◆ WHAT IS REQUIRED:
Please transcribe exactly the line that holds "kitchen featuring white" and all lines that follow it to the end of the records below, omitting any pictures.

-*-*-

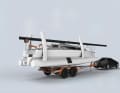 Roadworthy. With the floats folded in, the Corsair 880 can be easily transported on the trailer. The mast can be positioned and laid on the trailer using a jib device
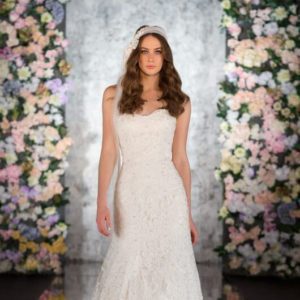 Martina Liana 561 Wedding Dress Sample Sale - Modified A-line wedding dress featuring beading and a scalloped lace edging along a strapless neckline.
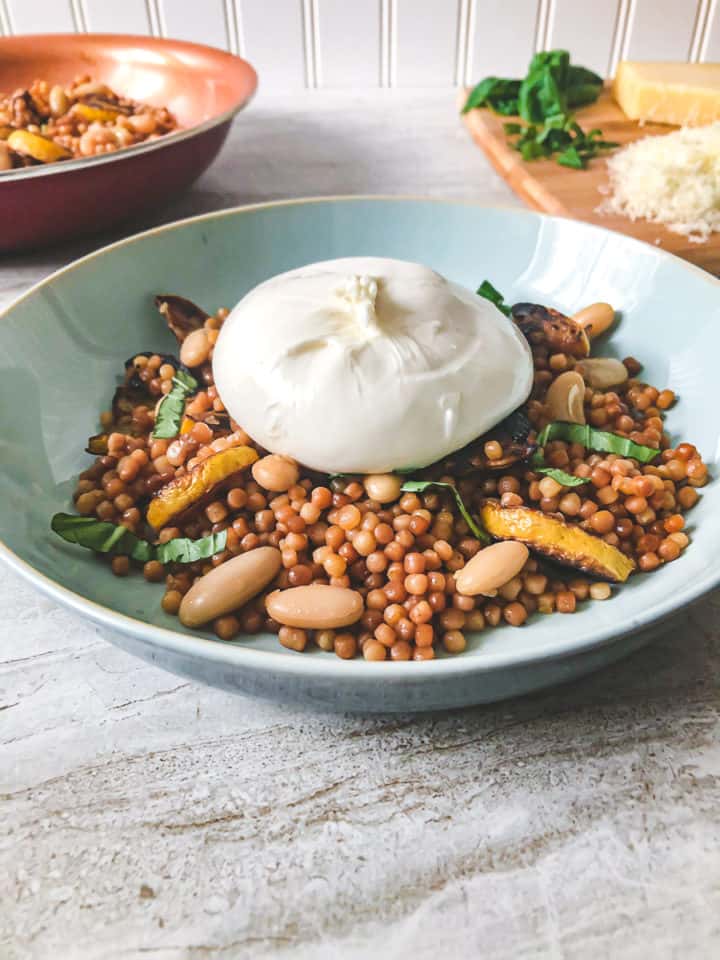 Burrata-with-lemony-couscous-in-big-blue-bowl-with-ingredients-in-background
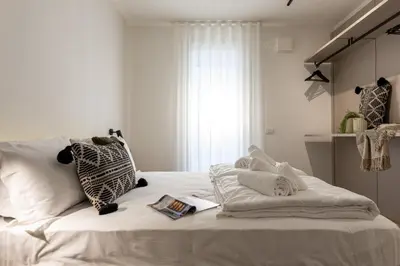Letto o letti in una camera di Residence Canova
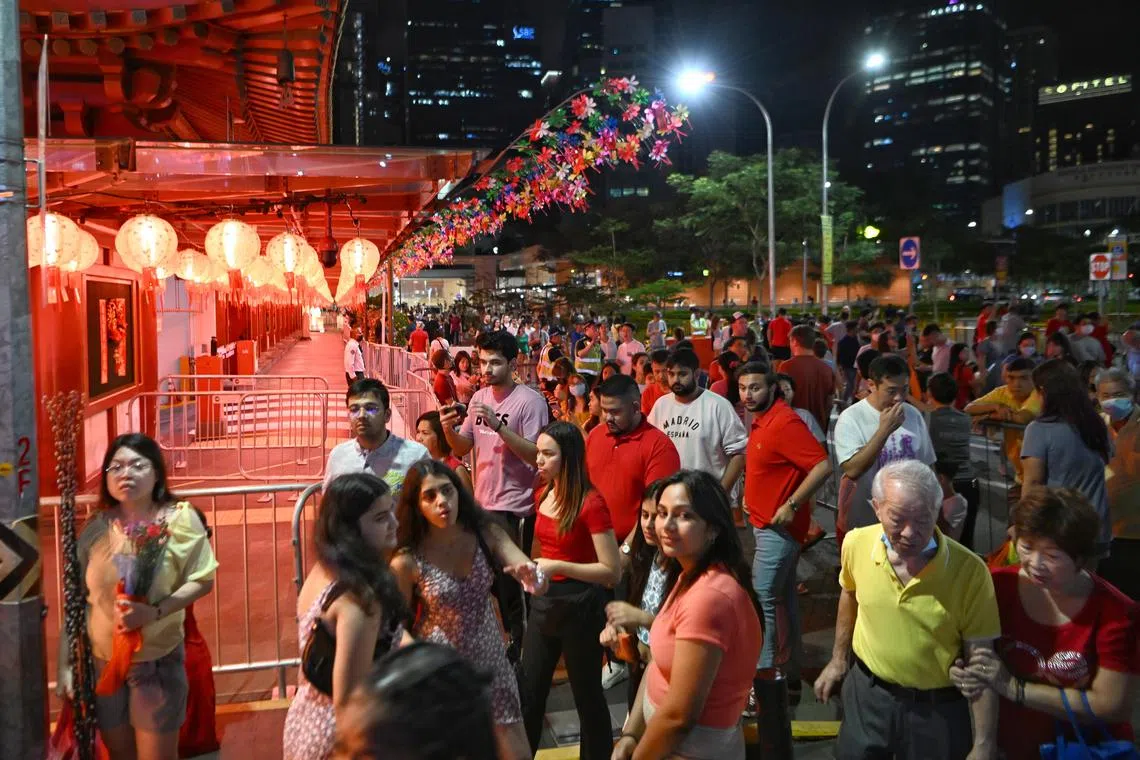 Visitors enjoying the Chinese New Year celebrations in Chinatown on Jan 21, 2023. 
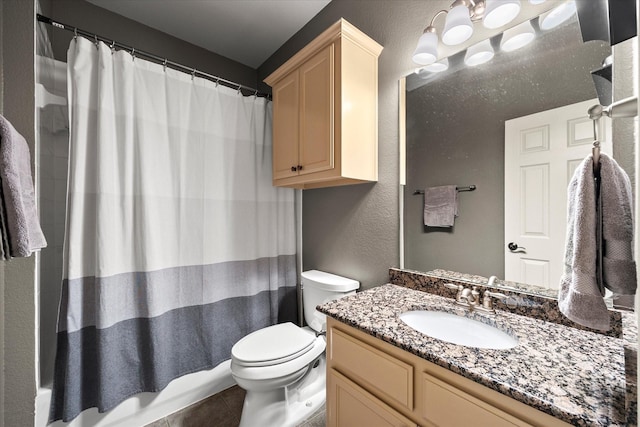 227 Justin Rd, Murphy, TX 75094 - full bathroom featuring toilet, vanity, tile patterned floors, a textured wall, and shower / tub combo with curtain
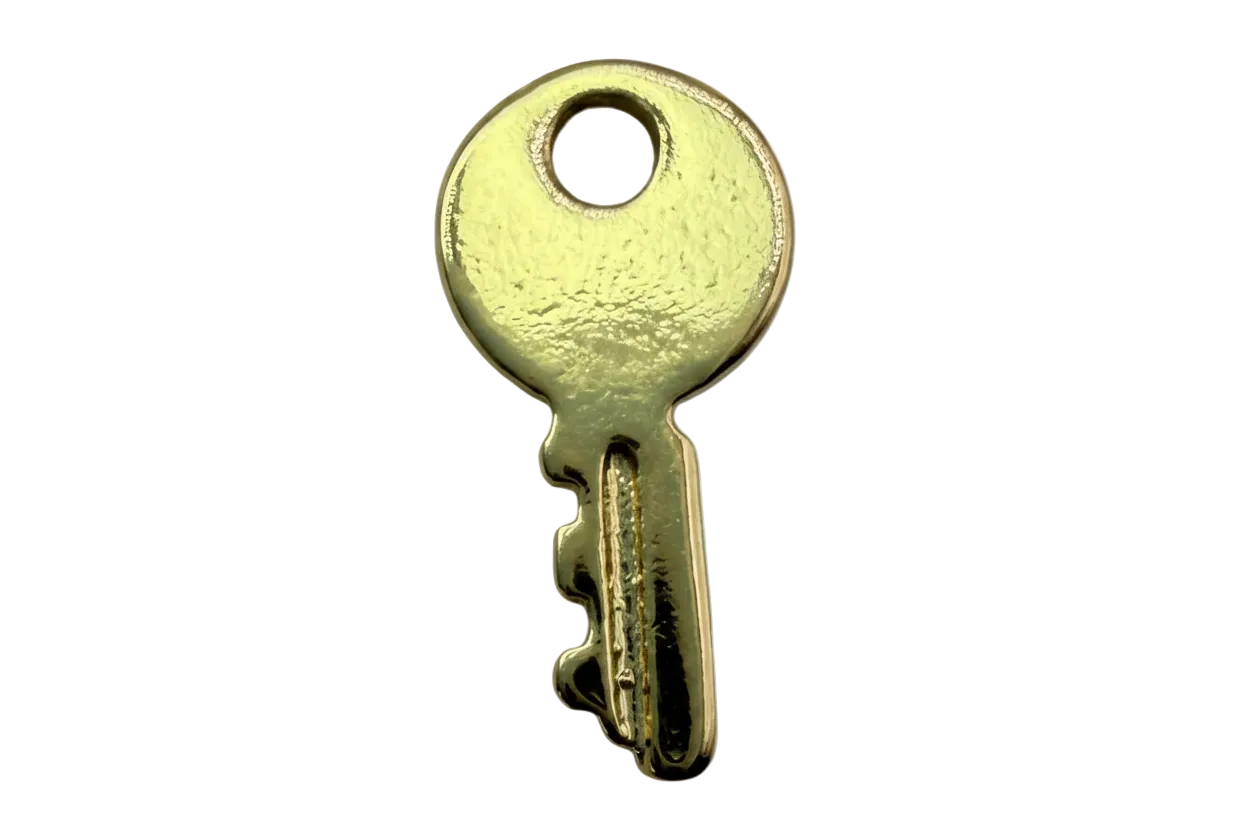 Glossy gold key silhouette with rounded head and notched edge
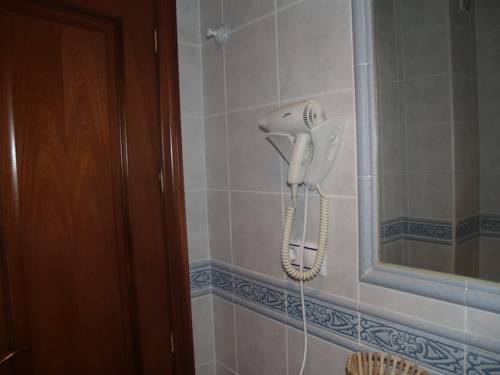 Imagen de la habitación del Hotel Caico's. Foto 12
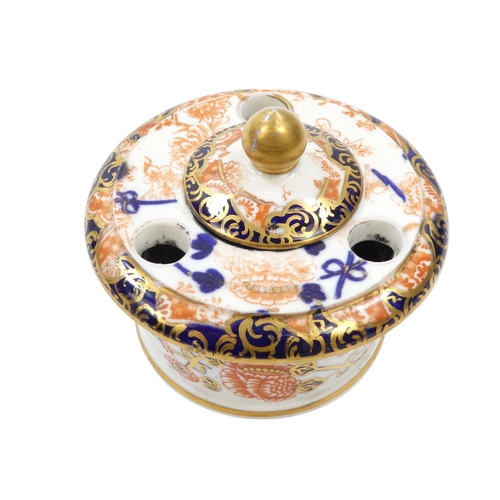 253 - A Royal Crown Derby inkwell - circular with cover and decorated in the Imari style, 8cm diameter, to... 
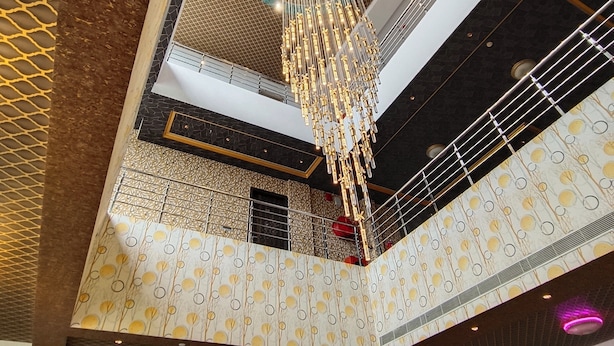 A multi-level atrium with a central chandelier, patterned walls, and a staircase. -  Bellazio Suites Hotel and Resort Bellazio (Bareilly)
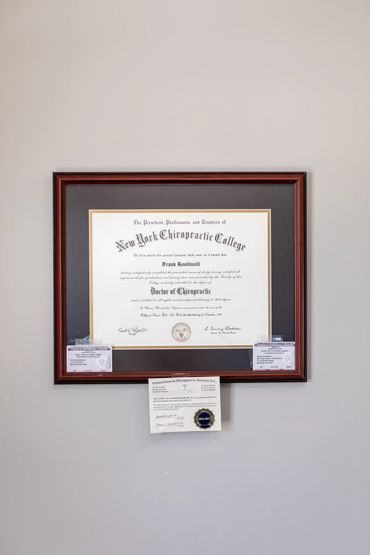 Framed diploma from New York Chiropractic College hanging on a wall.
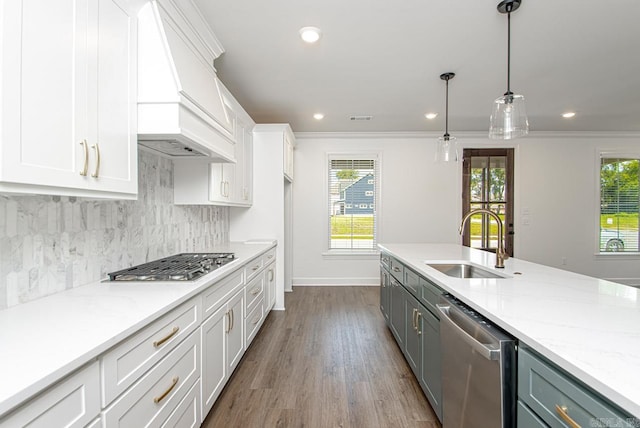 kitchen featuring white cabinetry, sink, decorative light fixtures, custom range hood, and appliances with stainless steel finishes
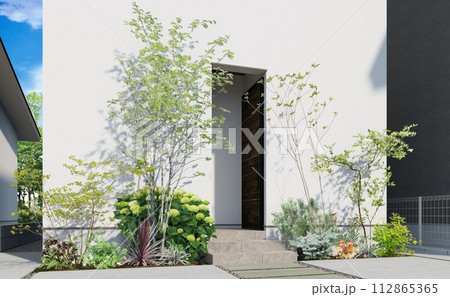 シンプルモダンな建物と雑木のあるエントランス 112865365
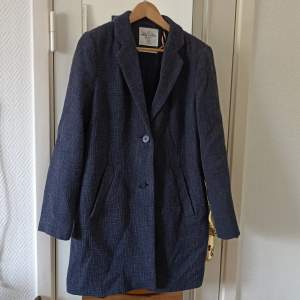 Long jacket. Two buttons, lined jacket with pockets.
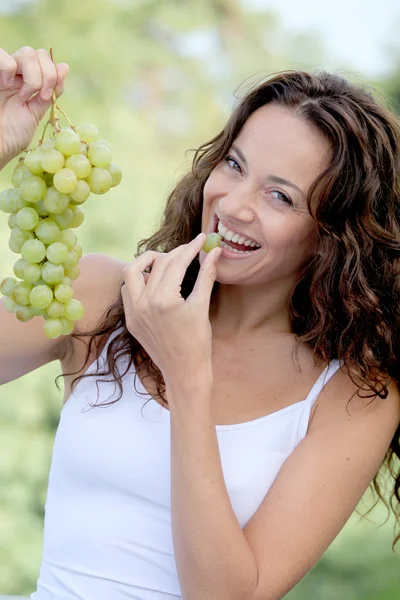 Closeup of woman eating grapes — Stock Photo, Image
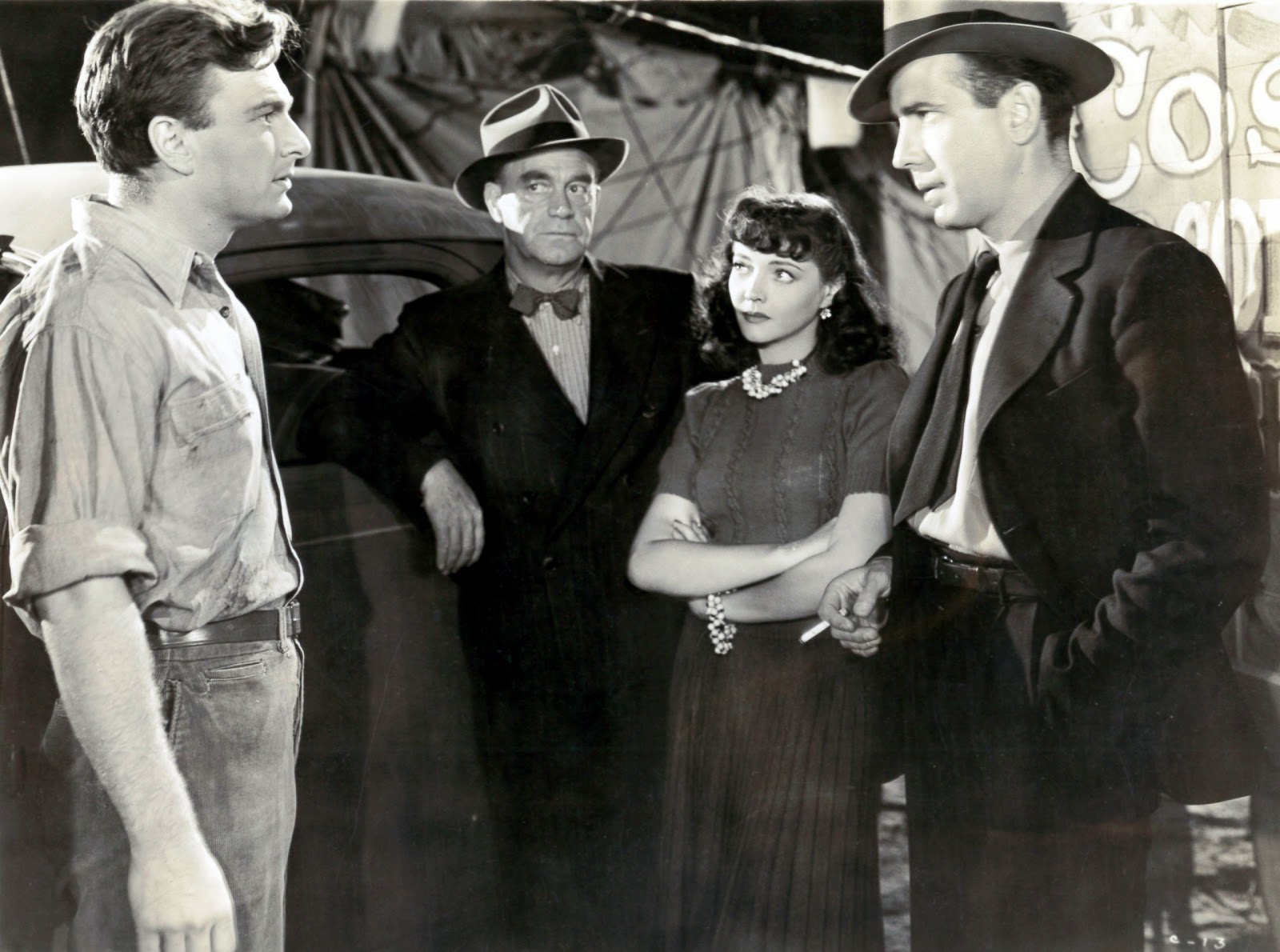 Humphrey Bogart, Eddie Albert, Cliff Clark, and Sylvia Sidney in The Wagons Roll at Night (1941)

-*-*-

◆ SOLVED PROBLEM:
 kitchen featuring white cabinetry, sink, decorative light fixtures, custom range hood, and appliances with stainless steel finishes
 シンプルモダンな建物と雑木のあるエントランス 112865365
 Long jacket. Two buttons, lined jacket with pockets.
 Closeup of woman eating grapes — Stock Photo, Image
 Humphrey Bogart, Eddie Albert, Cliff Clark, and Sylvia Sidney in The Wagons Roll at Night (1941)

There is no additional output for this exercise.